Torishéju Dumi is a British fashion designer and the founder of the eponymous Torishéju fashion label. She made her Paris Fashion Week debut in October 2023 with a show opened by Naomi Campbell, and won the Savoir-Faire Prize at the 2025 LVMH Prize.

== Early life and education ==
Dumi was born in the Harlesden neighborhood of London to Nigerian-Brazilian parents. Her father died when she was fourteen, and she lived with her mother, brother, and sister in Hertfordshire and Milton Keynes. She was raised Catholic.

Before studying fashion, Dumi took a one-year fashion design course at De Montfort University. She graduated with a bachelor's degree in menswear from the London College of Fashion in 2018, and completed a master's degree at Central Saint Martins in 2021.

== Career ==
Dumi interned for Phoebe Philo during the latter's tenure at Celine, and at Ann Demeulemeester in Antwerp. Her Central Saint Martins graduate collection caught the attention of fashion editor Gabriella Karefa-Johnson, who would become a mentor for Dumi.

The first collection from Dumi's Torishéju fashion line, the capsule "Mami Wata", was released in early 2023. Dumi made its deadstock pieces at home in her spare time, while working on the costume course at the London College of Fashion. In October of that year, she held a show at Paris Fashion Week, where she was the only Black woman to debut a collection.

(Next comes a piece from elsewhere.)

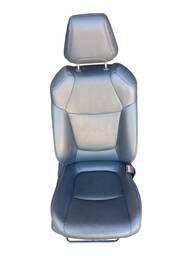 BANCO DIANTEIRO DIREITO CARONA COROLLA CROSS XRE 2022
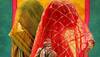 Kiran Rao's 'Laapataa Ladies' To Have A Special Premiere For Villagers Of Sehore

Titled "Fire on the Mountain", the show was opened by Naomi Campbell and closed by Paloma Elsesser.

Dumi appeared alongside Priya Ahluwalia and Tolu Coker on the January 2024 cover of British Vogue; the three were recognized for their efforts to promote sustainability in the fashion industry.

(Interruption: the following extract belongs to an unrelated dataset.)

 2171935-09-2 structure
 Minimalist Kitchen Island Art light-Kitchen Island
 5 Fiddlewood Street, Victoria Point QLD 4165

In February 2024, stylist Law Roach put Zendaya in a custom Torishéju look based on the Spring 2024 collection for a Dune: Part Two photocall in Mexico City, the label's first red carpet appearance. The Metropolitan Museum of Art acquired seven of Dumi's pieces for its permanent collection, two of which were included in the 2024 exhibition Sleeping Beauties: Reawakening Fashion. The label was soon stocked by Dover Street Market.

Dumi showed her Spring 2025 collection at Paris Fashion Week in October 2024, with support from Diego Della Valle and the Virgil Abloh Foundation. In July 2025, she received an honorary doctorate from Central Saint Martins, University of the Arts London.

That September, at the 2025 LVMH Prize, she won the Savoir-Faire Prize, which came with a €200,000 grant and a year of mentorship from LVMH. In October 2025, she showed the Spring 2026 collection "Dürer", named after the German Renaissance artist Albrecht Dürer, with Campbell again opening the show.